Of course, both in the beard of man, and in the general hairiness of his body, as compared with woman, allowance must be made for that universal tendency of the male to produce extended tegumentary modifications, which, as Mr. Wallace has abundantly shown, depends upon the superior vigor of that sex. Yet the period when the beard first shows itself and the loss of color in the hair of both sexes after the reproductive period is past clearly stamp these modifications as sexual in origin.

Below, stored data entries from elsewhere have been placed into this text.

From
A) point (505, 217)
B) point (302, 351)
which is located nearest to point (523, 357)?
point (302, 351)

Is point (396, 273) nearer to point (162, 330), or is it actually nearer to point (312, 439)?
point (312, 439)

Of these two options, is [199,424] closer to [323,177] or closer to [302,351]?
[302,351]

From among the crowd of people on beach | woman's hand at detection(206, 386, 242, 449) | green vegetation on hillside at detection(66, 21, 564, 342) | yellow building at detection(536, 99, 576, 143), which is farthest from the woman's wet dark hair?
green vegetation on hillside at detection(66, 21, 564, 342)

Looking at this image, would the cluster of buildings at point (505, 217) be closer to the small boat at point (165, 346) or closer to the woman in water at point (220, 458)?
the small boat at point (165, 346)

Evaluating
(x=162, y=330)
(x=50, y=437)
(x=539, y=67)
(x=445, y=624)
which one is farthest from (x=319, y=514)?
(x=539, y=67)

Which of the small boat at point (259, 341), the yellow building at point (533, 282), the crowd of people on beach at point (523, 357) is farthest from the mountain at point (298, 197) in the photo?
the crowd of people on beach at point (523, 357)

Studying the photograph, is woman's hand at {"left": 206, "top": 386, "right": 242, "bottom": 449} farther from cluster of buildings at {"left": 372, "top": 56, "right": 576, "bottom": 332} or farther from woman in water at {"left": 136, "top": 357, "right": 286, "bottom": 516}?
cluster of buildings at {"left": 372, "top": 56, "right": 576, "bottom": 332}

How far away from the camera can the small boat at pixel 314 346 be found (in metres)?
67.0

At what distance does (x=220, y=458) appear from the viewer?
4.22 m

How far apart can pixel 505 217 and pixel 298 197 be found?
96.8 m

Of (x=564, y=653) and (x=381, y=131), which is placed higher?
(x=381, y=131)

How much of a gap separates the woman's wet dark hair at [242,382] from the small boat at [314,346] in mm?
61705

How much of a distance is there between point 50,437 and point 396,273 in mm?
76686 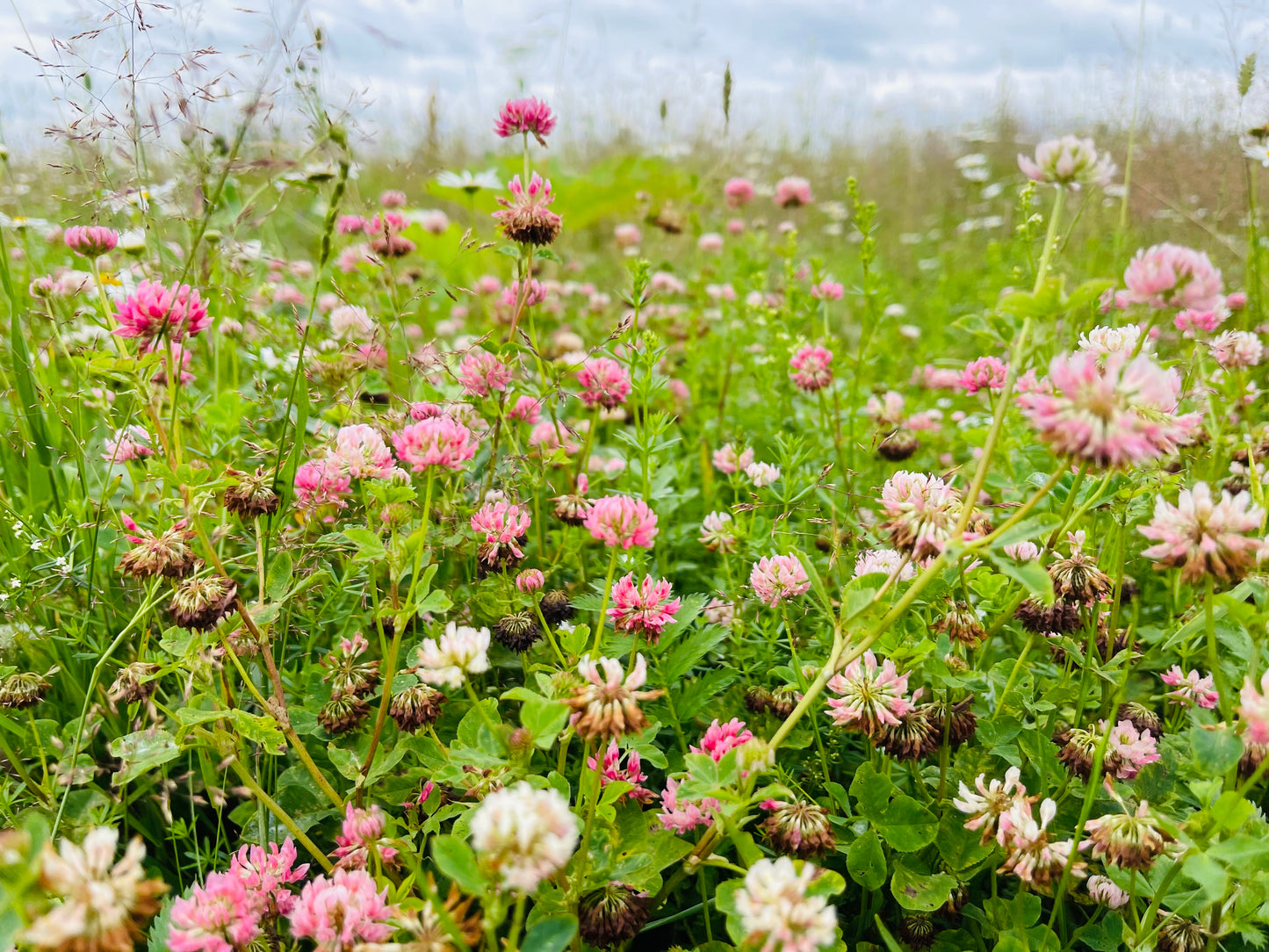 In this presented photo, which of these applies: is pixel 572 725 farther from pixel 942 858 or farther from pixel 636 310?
pixel 636 310

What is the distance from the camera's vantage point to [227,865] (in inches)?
53.9

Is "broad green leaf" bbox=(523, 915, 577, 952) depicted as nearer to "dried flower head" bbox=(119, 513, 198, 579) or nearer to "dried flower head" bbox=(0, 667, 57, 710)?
"dried flower head" bbox=(119, 513, 198, 579)

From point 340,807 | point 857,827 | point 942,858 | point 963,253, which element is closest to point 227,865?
point 340,807

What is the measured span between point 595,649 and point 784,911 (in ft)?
1.38

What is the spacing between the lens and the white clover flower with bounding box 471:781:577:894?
68 centimetres

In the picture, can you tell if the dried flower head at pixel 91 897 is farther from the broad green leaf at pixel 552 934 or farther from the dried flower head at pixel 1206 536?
the dried flower head at pixel 1206 536

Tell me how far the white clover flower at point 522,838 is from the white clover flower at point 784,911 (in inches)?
7.7

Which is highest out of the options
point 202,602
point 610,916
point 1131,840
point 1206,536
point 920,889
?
point 1206,536

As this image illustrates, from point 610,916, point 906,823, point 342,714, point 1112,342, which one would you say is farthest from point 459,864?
point 1112,342

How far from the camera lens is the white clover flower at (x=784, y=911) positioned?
2.47 ft

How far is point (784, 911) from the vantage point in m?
0.76

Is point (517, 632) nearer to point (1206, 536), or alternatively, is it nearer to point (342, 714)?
point (342, 714)

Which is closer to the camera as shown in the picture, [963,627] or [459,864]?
[459,864]

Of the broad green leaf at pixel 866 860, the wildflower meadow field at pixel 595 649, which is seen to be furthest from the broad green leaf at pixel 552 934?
the broad green leaf at pixel 866 860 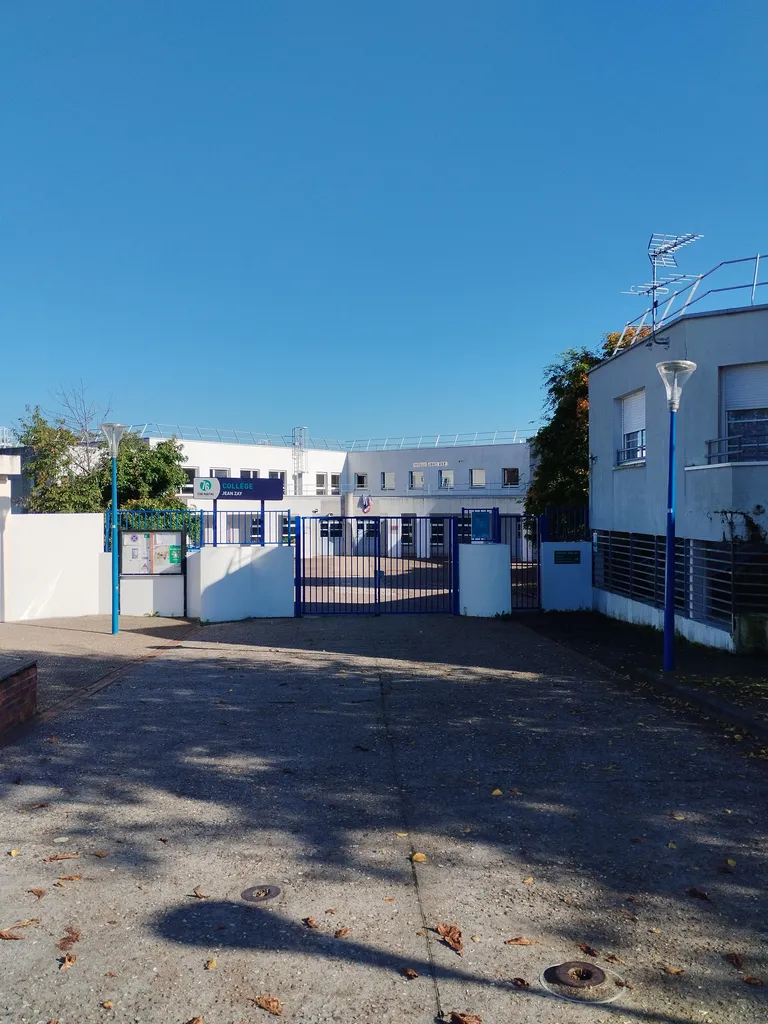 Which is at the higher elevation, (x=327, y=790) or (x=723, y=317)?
(x=723, y=317)

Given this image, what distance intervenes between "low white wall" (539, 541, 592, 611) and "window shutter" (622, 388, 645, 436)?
3.10 meters

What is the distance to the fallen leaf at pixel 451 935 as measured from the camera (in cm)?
397

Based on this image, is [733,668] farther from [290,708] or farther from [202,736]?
[202,736]

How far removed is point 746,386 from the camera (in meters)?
13.2

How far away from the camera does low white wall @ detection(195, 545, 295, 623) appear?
56.0ft

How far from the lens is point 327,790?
6363 millimetres

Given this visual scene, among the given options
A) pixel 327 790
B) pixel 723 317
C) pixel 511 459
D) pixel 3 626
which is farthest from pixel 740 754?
pixel 511 459

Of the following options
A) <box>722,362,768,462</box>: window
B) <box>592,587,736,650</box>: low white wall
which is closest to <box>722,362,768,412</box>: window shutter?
<box>722,362,768,462</box>: window

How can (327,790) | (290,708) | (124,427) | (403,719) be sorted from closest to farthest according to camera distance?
(327,790) → (403,719) → (290,708) → (124,427)

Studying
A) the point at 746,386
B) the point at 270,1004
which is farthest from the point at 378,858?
the point at 746,386

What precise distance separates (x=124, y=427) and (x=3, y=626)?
15.9ft

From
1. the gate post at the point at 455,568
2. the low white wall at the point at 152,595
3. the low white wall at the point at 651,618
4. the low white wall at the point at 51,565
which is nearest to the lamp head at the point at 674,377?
the low white wall at the point at 651,618

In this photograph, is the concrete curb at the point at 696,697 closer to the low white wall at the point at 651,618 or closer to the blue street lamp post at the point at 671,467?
the blue street lamp post at the point at 671,467

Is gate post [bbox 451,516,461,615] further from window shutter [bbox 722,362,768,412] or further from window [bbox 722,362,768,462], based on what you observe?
window shutter [bbox 722,362,768,412] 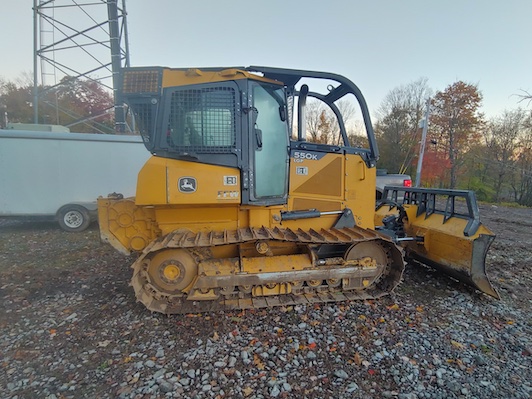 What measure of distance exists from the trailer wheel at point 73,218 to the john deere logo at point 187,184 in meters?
6.72

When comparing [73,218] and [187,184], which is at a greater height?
[187,184]

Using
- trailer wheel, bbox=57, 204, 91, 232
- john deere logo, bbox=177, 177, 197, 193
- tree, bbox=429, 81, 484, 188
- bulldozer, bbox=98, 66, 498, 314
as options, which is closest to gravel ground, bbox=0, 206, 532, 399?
bulldozer, bbox=98, 66, 498, 314

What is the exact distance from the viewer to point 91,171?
8.76m

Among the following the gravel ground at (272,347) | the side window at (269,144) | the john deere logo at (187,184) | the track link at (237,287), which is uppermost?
the side window at (269,144)

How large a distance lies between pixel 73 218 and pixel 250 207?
288 inches

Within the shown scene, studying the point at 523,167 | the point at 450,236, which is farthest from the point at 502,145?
the point at 450,236

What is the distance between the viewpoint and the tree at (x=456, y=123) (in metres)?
27.3

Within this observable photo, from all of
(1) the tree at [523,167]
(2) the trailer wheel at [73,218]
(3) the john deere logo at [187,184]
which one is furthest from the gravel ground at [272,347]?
(1) the tree at [523,167]

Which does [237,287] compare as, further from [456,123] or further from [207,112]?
[456,123]

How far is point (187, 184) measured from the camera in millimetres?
3600

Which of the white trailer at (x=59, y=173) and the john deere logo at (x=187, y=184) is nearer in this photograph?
A: the john deere logo at (x=187, y=184)

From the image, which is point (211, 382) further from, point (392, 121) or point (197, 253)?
point (392, 121)

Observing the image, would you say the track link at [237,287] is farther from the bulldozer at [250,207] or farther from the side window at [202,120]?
the side window at [202,120]

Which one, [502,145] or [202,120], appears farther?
[502,145] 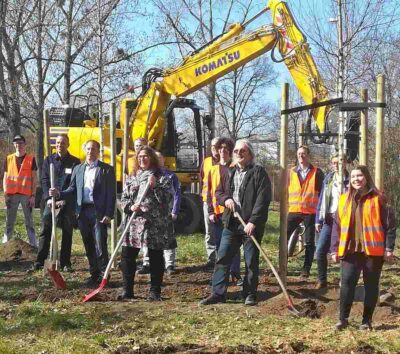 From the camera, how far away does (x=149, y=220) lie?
7055mm

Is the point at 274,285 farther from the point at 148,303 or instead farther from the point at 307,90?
the point at 307,90

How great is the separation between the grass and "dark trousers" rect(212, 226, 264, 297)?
23cm

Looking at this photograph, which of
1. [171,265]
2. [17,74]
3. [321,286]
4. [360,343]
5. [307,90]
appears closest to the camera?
[360,343]

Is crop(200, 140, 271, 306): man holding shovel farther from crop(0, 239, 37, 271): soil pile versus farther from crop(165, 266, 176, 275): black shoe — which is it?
crop(0, 239, 37, 271): soil pile

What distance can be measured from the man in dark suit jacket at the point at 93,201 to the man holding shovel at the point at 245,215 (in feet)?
5.88

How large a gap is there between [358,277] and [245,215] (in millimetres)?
1494

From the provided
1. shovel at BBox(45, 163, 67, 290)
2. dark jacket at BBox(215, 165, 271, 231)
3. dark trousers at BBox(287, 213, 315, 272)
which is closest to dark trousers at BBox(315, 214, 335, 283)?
dark trousers at BBox(287, 213, 315, 272)

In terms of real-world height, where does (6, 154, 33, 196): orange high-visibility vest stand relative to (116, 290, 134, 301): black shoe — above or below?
above

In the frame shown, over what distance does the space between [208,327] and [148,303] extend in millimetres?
1256

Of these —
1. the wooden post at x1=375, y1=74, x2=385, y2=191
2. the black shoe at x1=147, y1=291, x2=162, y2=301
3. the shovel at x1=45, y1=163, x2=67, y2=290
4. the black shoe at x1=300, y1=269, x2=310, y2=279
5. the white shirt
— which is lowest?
the black shoe at x1=300, y1=269, x2=310, y2=279

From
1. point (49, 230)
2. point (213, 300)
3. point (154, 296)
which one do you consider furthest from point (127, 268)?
point (49, 230)

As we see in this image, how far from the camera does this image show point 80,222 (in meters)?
Result: 8.20

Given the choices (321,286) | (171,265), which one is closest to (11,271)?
(171,265)

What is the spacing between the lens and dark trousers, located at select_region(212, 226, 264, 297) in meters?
6.89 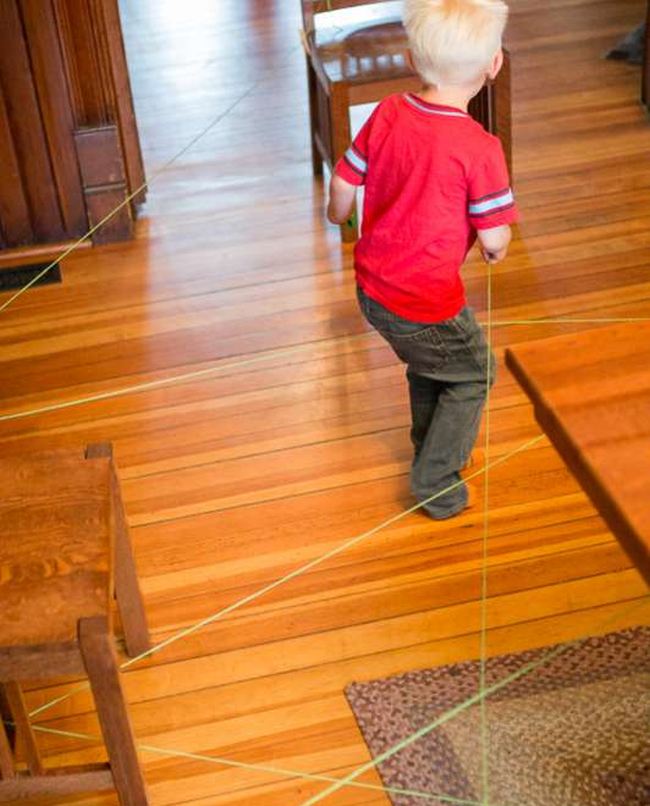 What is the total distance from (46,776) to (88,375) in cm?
126

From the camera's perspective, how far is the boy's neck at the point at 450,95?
6.64ft

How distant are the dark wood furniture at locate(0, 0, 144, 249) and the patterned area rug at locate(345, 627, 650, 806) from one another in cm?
174

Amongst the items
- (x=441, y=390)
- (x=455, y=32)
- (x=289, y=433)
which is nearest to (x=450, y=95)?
(x=455, y=32)

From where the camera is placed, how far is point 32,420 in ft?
8.86

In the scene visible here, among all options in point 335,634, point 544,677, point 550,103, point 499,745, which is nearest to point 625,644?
point 544,677

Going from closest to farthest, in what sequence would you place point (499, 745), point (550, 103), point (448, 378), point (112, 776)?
point (112, 776)
point (499, 745)
point (448, 378)
point (550, 103)

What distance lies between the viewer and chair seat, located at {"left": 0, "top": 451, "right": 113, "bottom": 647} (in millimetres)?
1549

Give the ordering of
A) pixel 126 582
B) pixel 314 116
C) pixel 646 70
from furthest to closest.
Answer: pixel 646 70 → pixel 314 116 → pixel 126 582

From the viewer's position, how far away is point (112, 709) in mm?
1582

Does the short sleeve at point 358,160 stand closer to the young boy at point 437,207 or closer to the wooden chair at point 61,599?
the young boy at point 437,207

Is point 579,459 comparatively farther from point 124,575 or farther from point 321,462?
point 321,462

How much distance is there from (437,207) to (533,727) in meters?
0.77

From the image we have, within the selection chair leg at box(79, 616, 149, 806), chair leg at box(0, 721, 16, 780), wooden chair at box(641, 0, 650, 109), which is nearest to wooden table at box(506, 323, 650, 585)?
chair leg at box(79, 616, 149, 806)

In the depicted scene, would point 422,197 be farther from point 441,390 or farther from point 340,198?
point 441,390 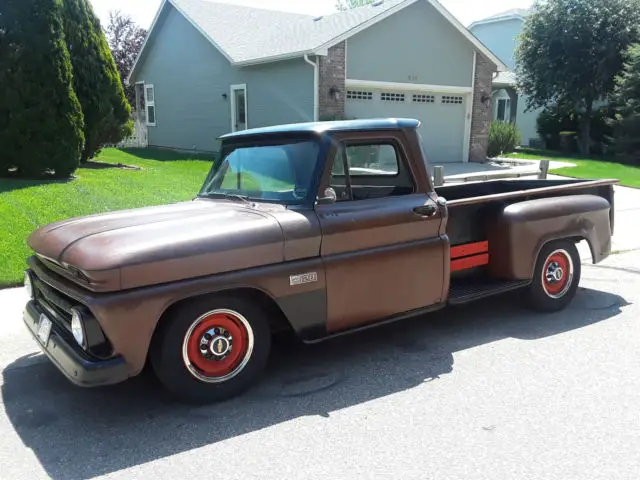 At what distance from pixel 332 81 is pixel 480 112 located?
6463mm

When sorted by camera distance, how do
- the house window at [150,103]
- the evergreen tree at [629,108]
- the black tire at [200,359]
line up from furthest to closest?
1. the house window at [150,103]
2. the evergreen tree at [629,108]
3. the black tire at [200,359]

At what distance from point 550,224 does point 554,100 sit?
87.8 feet

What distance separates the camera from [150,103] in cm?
2522

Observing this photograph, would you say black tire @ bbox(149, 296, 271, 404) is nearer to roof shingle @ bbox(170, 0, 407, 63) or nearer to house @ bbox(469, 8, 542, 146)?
roof shingle @ bbox(170, 0, 407, 63)

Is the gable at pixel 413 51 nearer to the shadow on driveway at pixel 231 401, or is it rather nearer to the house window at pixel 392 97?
the house window at pixel 392 97

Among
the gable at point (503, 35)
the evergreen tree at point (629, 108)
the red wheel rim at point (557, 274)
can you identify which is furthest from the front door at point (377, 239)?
the gable at point (503, 35)

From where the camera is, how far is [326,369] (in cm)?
435

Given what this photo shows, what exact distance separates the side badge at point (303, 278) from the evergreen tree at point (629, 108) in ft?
77.0

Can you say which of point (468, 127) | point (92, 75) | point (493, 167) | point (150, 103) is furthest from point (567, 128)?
point (92, 75)

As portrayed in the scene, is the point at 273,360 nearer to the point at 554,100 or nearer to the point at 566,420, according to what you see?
the point at 566,420

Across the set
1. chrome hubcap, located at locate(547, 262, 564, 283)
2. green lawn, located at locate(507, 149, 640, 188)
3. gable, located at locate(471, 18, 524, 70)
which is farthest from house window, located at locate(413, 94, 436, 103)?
gable, located at locate(471, 18, 524, 70)

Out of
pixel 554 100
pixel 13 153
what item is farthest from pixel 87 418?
pixel 554 100

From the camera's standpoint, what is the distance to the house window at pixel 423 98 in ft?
62.7

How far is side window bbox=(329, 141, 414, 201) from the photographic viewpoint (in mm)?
4242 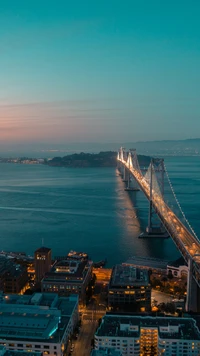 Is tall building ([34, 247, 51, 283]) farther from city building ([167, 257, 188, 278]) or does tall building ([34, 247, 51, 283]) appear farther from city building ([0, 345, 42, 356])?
city building ([0, 345, 42, 356])

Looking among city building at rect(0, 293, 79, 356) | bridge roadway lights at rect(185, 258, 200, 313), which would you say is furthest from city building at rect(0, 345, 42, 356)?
bridge roadway lights at rect(185, 258, 200, 313)

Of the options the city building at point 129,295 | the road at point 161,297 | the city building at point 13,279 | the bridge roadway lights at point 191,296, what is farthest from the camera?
the city building at point 13,279

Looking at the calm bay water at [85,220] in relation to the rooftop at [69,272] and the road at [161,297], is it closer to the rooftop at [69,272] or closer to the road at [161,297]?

It must be remembered also, in accounting for the general loss of hair on both back and front of the body, that the older ancestral heredity would tend to make the chest bare, and the newer acquired habits would tend to produce like results upon the back. "In the adult male of the gorilla," says Du Chaillu, "the chest is bare. In the young males which I kept in captivity it was thinly covered with hair. In the female the mammæ have but a slight development and the breast is bare." All this helps us to see how the first steps in the sexually selective process might have taken place, and also why the trunk is on the whole more denuded than the legs. As for the exceptional fact that the arms are hairier on the back than in front, besides the functional explanation already given, we must recollect that the anthropoid apes have long hair on the outer side of the arms, which has probably left this slight memento of its former existence on the human subject. Eschricht has pointed out the curious fact that alike in man and the higher quadrumana this hair has a convergent direction toward the point of the elbow, both from above and from below.
Finally, it may be noted that the hairless condition of man, though apparently a disadvantage to him, has probably been indirectly instrumental in helping him to attain his present exalted position in the organic scale. For if, as is here suggested, it originally arose from the reactions of the erect attitude, it must have been associated from the first with the most human-like among our ancestors. Again, if it was completed by sexual selection, it must also have been associated with the most æsthetic individuals among the evolving species. And if, as we have seen reason to believe, these two qualities would tend to accompany one another, then this slight relative disadvantage would be pretty constantly correlated with other and greater advantages, physical and intellectual, which enabled the young species to hold its own against other competing organisms. But, granting this, the disadvantage in question would naturally spur on the half-developed ancestors of man to seek such artificial aids in the way of clothing, shelter, and ornament, as would ultimately lead to many of our existing arts. We may class the hairlessness of man, therefore, with such other apparent disadvantages as the helpless infancy of his young, which, by necessitating greater care and affection, indirectly produces new faculties and stronger bonds of union, and ultimately brings about the existence of the family and the tribe or nation. And if we look back at the peculiarities which distinguish placental from implacental mammals, the mammalia generally from birds, and birds from reptiles, we shall see that in every case exactly similar apparent disadvantages have been mainly instrumental in producing the higher faculties of each successive vertebrate development. Hence it would seem that the hairless condition of man, instead of requiring for its explanation a special intervention of some supernatural agent, is strictly in accordance with a universal principle, which has brought about all the best and highest features of the most advanced animal types through the unaided agency of natural selection.—Fortnightly Review.
- On the advantages which man or his half-developed ancestor derived from the erect or semi-erect position, see Darwin, "Descent of Man," p. 53.
- The mutilations of the face and other parts, which often make savages so ugly in our eyes, though not in their own, are due, as Mr. Herbert Spencer has shown, not to æsthetic intentions, but to originally subordinative practices, as marks of subjection to a conquering king or race.